Who this guide is for

While the recommendations in this guide are generally good practices, this is an advanced guide intended primarily for the following types of sites:

Large sites (1 million+ unique pages) with content that changes moderately often (once a week)
Medium or larger sites (10,000+ unique pages) with very rapidly changing content (daily)
Sites with a large portion of their total URLs classified by Search Console as Discovered - currently not indexed

General theory of crawling

The web is a nearly infinite space, exceeding Google's ability to explore every publicly accessible URL. As a result, there are limits to how much time and resources Google can devote to crawling any single site. The allocation of these resources is commonly called a site's crawl budget. In this context, Google's crawling infrastructure defines a site as a unique hostname. For example, https://www.example.com/ and https://code.example.com/ are treated as separate sites and have separate crawl budgets. A site's crawl budget is determined by two main elements: crawl capacity limit and crawl demand.

Crawl capacity limit

Google wants to crawl your site without overwhelming your servers. To prevent this, Google's crawlers calculate a crawl capacity limit (also known as hostload). This limits the total amount of time your server spends holding connections open for Google, factoring in both the number of parallel connections and their duration. This ensures Google can cover all your important content without overloading your servers.

Every site starts with the same default, conservative crawl capacity limit. If there is demand to crawl more and the site remains healthy, Google's systems will automatically adjust this limit over time.

The crawl capacity limit can go up and down based on a few factors:

Crawl health: If the site responds consistently and its response times (including latency and Time-to-First Byte) remain stable or improve, the limit goes up, meaning more connections can be used to crawl. If the site slows down (latency increases or response times become longer), or responds with server errors (5xx HTTP status codes) or rate-limiting signals (such as HTTP 429), the limit goes down and Google crawls less.
Google's crawling limits: While Google's resources are extensive, they are finite, and we must prioritize resource allocation across the web.

Crawl demand

Each crawler has its own "demand" when it comes to crawling the web, determined by factors unique to that crawler. For example, AdsBot generally has a higher demand when a site is running dynamic ad targets, and Google Shopping has a higher demand for products you have in your merchant feeds.

For Googlebot, demand varies based on a site's size, update frequency, page quality, and relevance, compared to other sites. The primary factors you can influence are:

Perceived inventory: Without guidance from you, Google tries to crawl all or most of the URLs that it knows about on your site.
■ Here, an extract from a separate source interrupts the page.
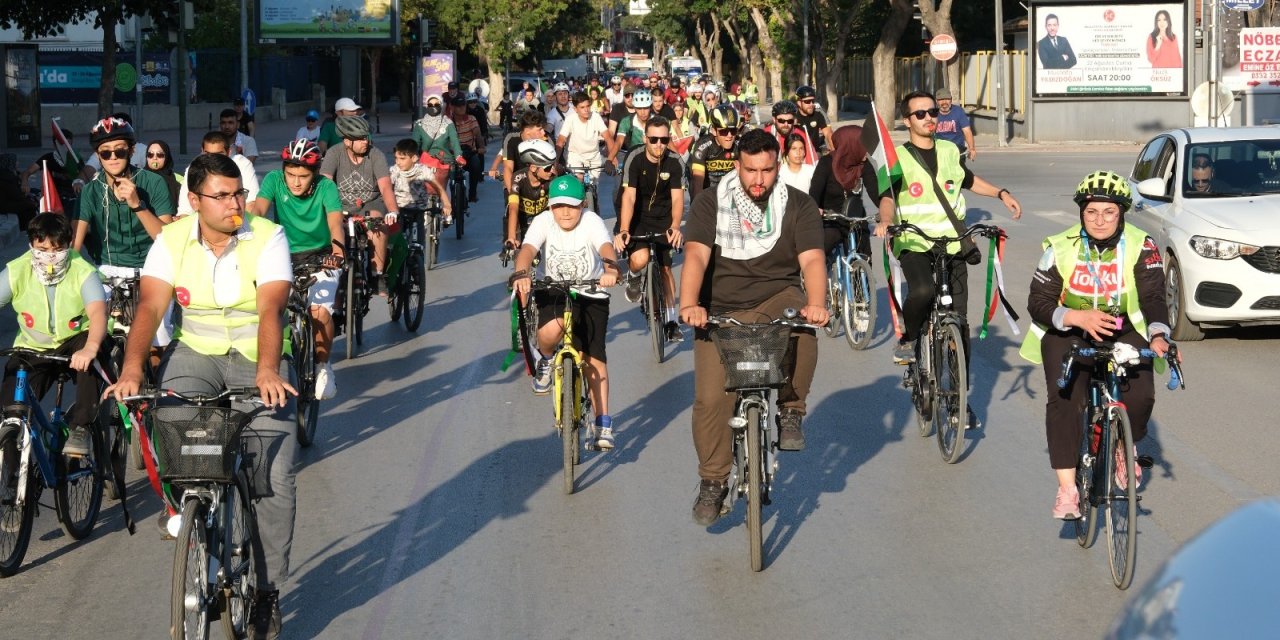 'Gazze İçin Durma, Açlık İçin Pedalla'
If many of these URLs are duplicates, or you don't want them crawled for some other reason (removed, unimportant, and so on), this wastes a lot of Google crawling time on your site. This is the factor that you can positively control the most.
Popularity: URLs that are more popular on the Internet tend to be crawled more often to keep them fresher in our systems.
Staleness: Our systems want to recrawl documents frequently enough to pick up any changes.
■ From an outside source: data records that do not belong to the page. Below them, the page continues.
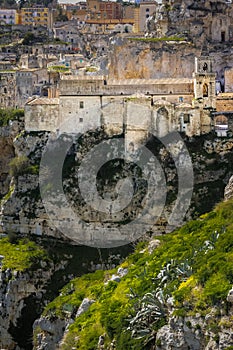 Church of San Pietro Caveoso. Matera. Basilicata. Apulia. Italy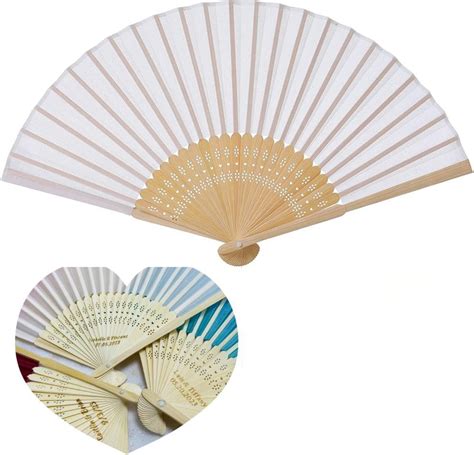 Personalized Engraved Silk Fans Folding Hand Fans Summer Wedding Fans Custom Silk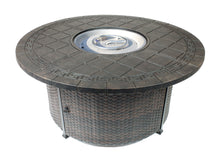 Load image into Gallery viewer, 52&quot; Round Aztec Chat Firepit Table (Burner or Ice Bucket NOT Included)
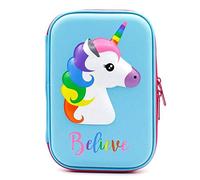Astuccio portapenne Kawaii con unicorno, carino, grande capacità, multifunzione, per la scuola, per ragazze e ragazzi, C15
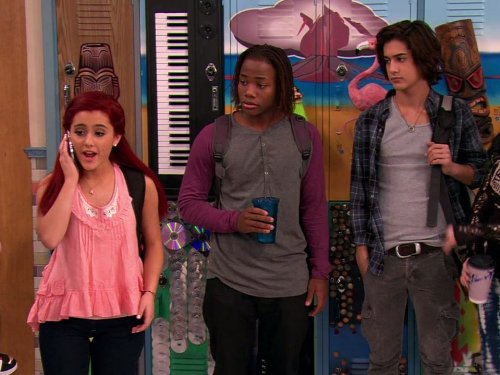 Still of Leon Thomas III, Avan Jogia and Ariana Grande in Victorious (2010)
Additionally, site-wide events like site moves may trigger an increase in crawl demand in order to reprocess the content under the new URLs.

Summary

Taking crawl capacity and crawl demand together, Google defines a site's crawl budget as the set of URLs that Google can and wants to crawl. Even if the crawl capacity limit isn't reached, if crawl demand is low, Google will crawl your site less.

Best practices

To maximize your crawling efficiency, follow these best practices:

Manage your URL inventory: Use the appropriate tools to tell Google which pages to crawl and which not to crawl. If Google spends too much time crawling URLs that it shouldn't, Google's crawlers might not explore the rest of your site, or might not increase your crawl budget.
- Consolidate duplicate content. Eliminate duplicate content to focus crawling on unique content rather than unique URLs.
- Block crawling of URLs using robots.txt. Some pages might be important to users, but you don't necessarily want them to appear on Google surfaces or get reprocessed by Google's systems. Examples include infinite scrolling pages that duplicate information on linked pages, or differently sorted versions of the same page. If you can't consolidate them as described in the first bullet, block these unimportant pages using robots.txt. Blocking URLs with robots.txt prevents Google from crawling them, and significantly decreases the chance the URLs will be processed by other Google systems (such as getting indexed by Google Search).
  Don't use noindex, as Google will still request, but then drop the page when it sees a noindex meta tag or header in the HTTP response, wasting crawling time. Don't use robots.txt to temporarily reallocate crawl budget for other pages; use robots.txt to block pages or resources that you don't want Google to crawl at all. Google won't shift this newly available crawl budget to other pages unless Google is already hitting your site's crawl capacity limit.
- Return a 404 or 410 status code for permanently removed pages. Google won't forget a URL that it knows about, but a 404 status code is a strong signal not to crawl that URL again. Blocked URLs, however, will stay part of your crawl queue much longer, and will be recrawled when the block is removed.
- Eliminate soft 404 errors. soft 404 pages will continue to be crawled, and waste your budget. Check the Page Indexing report for soft 404 errors.
- Keep your sitemaps up to date. Google reads your sitemap regularly, so be sure to include all the content that you want Google to crawl. If your site includes updated content, we recommend including the <lastmod> tag.
- Avoid long redirect chains, which have a negative effect on crawling.
Make your pages efficient to load. If Google can load and render your pages faster, we might be able to read more content from your site.
- Improve loading speed: Optimize your server response times and resources to make pages load faster.
- Use HTTP caching: Support 304 (Not Modified) HTTP status codes. If a page hasn't changed since Google last crawled it, returning a 304 code tells Google to reuse the cached version, saving your server bandwidth and resources.
Debug issues with crawl budget. Check whether your site had any availability issues during crawling, and look for ways to make your crawling more efficient.

How do I get more crawl budget?

There are two ways to increase crawl budget:

Add more server resources: If your site can't be crawled because of server capacity on your end (for example, you're getting Hostload exceeded in the URL inspection tool), add more server resources if that makes sense for your business.
Optimize your content's quality for the Google product you're targeting: Google determines the crawling resources allocated to each site by factoring in elements that are relevant to the specific Google product. For example, for Google Search, this includes things like popularity, overall user value, content uniqueness, and serving capacity.